2026-03-07

Simple Linear Regression

Predicting Movie Rating from Length

Randy Mattoka
March 7, 2026

Motivation

  • Can movie length predict audience ratings?
  • We use the movies dataset from ggplot2movies.
  • Goal: Fit and interpret a linear regression model.

The Linear Regression Model

\[ Y = \beta_0 + \beta_1 X + \varepsilon \]

Where:

  • \(Y\) = movie rating
  • \(X\) = movie length
  • \(\beta_0\) = intercept
  • \(\beta_1\) = slope
  • \(\varepsilon \sim N(0,\sigma^2)\)

Least Squares Estimators

\[ \hat{\beta}_1 = \frac{\sum (x_i - \bar{x})(y_i - \bar{y})} {\sum (x_i - \bar{x})^2} \]
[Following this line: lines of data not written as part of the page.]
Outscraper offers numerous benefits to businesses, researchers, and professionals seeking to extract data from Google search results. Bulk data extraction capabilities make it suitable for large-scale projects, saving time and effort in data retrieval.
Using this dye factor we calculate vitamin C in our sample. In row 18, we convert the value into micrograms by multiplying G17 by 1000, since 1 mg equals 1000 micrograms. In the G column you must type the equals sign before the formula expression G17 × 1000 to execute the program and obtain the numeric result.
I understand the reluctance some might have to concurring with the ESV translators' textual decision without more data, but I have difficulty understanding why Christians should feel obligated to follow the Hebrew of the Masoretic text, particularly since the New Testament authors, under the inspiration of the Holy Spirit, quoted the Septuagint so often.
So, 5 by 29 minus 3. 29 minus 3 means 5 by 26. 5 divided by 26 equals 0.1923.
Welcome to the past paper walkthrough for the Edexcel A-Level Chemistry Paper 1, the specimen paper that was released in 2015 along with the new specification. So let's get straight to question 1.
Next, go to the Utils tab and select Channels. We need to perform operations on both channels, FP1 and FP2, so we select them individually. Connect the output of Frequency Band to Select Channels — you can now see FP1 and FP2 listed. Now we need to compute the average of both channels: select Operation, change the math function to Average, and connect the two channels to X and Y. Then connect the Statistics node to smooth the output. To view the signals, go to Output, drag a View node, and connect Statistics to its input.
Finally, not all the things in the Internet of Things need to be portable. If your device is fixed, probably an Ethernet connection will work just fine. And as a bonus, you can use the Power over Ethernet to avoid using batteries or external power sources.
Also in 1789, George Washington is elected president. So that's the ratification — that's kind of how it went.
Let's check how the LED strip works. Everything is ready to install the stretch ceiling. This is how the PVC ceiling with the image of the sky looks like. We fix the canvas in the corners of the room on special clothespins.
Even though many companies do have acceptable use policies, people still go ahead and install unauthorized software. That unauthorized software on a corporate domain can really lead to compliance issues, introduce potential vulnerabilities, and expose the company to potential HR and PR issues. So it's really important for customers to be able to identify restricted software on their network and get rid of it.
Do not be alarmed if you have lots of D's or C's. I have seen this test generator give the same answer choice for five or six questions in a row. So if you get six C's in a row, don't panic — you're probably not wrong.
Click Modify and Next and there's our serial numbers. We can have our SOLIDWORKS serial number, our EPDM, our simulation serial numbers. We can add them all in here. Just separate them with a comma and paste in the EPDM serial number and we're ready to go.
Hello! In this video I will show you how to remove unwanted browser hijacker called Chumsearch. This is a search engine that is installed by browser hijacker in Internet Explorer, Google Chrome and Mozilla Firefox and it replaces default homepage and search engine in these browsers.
\[ \hat{\beta}_0 = \bar{y} - \hat{\beta}_1 \bar{x} \]

These minimize: \[ \sum (y_i - \hat{y}_i)^2 \]

Data + Model Fit (Show R Code)

lm1 = lm(rating ~ length, data = movies)

b0 =coef(lm1)[1]
b1 = coef(lm1)[2]
r2 = summary(lm1)$r.squared
p = summary(lm1)$coefficients[2,4]

round(c(Intercept=b0, Slope=b1, R2=r2, p_value=p), 6)
Intercept.(Intercept)          Slope.length                    R2 
             6.021471             -0.001076              0.000945 
              p_value 
             0.000000 

ggplot 1 (Scatter + Regression Line)

`geom_smooth()` using formula = 'y ~ x'

ggplot 2 (Residual Plot)

Plotly Interactive Plot

Conclusion: Length has a statistically significant but practically negligible effect on rating (R² ≈ 0.0009).